Tuvel told me what she endured has had lasting effects on her field, with academics steering clear of projects pertaining to gender and race. I saw a lot of this sort of thing during my time as an academic researcher — that in devising new research projects, some colleagues would intentionally avoid topics that could be interpreted as even potentially controversial. One such subject, for instance, is gender dysphoric children. Unless a researcher is supportive of the early transitioning approach, they have no hope of surviving in academia. In my case, writing about this issue led to my own decision to leave upon finishing my PhD.
It only takes a few loud voices, as we’ve seen, to send a wider trend of fear and intimidation throughout the ivory tower, silencing entire areas of inquiry. Higher learning is being killed by student activists, who claim they are doing what is best for society while dictating what professors are allowed to say in their classrooms.
In a given 70-hour work week, professors are conducting original research and writing papers, submitting grants, mentoring their graduate students, teaching classes, and fulfilling administrative duties. The last thing they want is to be pursued by a mob excoriating them on social media and in the press, and possibly showing up at their door. In its most drastic form, students will default to physical violence, as we saw during the 2017 protest at Middlebury College that left a professor concussed and in a neck brace as she attempted to shield Charles Murray from his attackers.
Of all people, academics should be protected from this behaviour, because we have no other way of vetting the truth. Instead, mobbing is not only encouraged, but celebrated. Even if an academic survives a bout with the mob, rarely is an apology issued. Many are instead hounded out of the academy, their professional reputations so tarnished that they have no alternative but exile.
This extends beyond publishing controversial work. Just look at those various academics who have voiced ‘unacceptable’ opinions, such as Nobel laureate Tim Hunt, who was hung out to dry after making an innocuous joke about his experiences working with women, or Nicholas and Erika Christakis, who resigned from positions at Yale University after advocating that students choose their own Halloween costumes, and physicist Alessandro Strumia, who was suspended from his position at the European nuclear research centre CERN for presenting data suggesting the sciences have become sexist toward men.

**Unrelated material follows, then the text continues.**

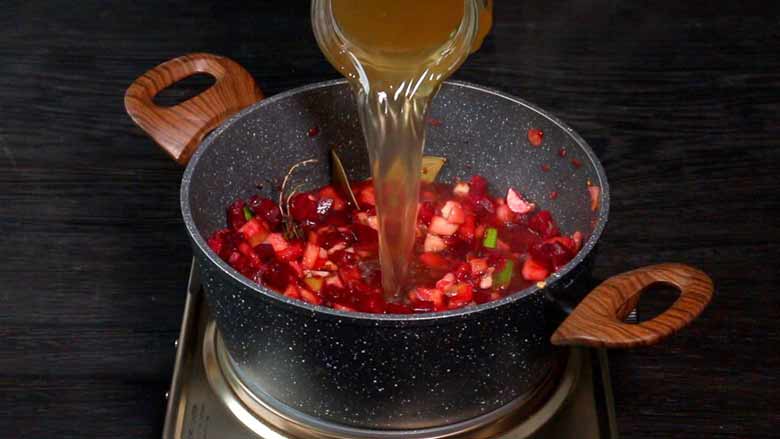 Veg stock is poured into a non stick pan with diced beetroot and other vegetables and spices cooking in it to make borscht - Borscht Soup Recipe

An academic’s purpose isn’t to promote ideas that are crowd-pleasing and sanctifying. It is to interrogate our beliefs in order to come away with a better understanding of the world. When academic institutions are unable to facilitate honest discussions in search of this truth – the very thing they were built to stand for – the academy has lost its way. Sometimes the truth is uncomfortable, but this isn’t a reason to pretend that it doesn’t exist, or to punish those who wish to explicate it.
In a perfect world, currently existing journals would stand up to the bullying, intimidation, and silencing, and academic institutions would protect their faculty. In our febrile, fearful world, anonymity will have to do.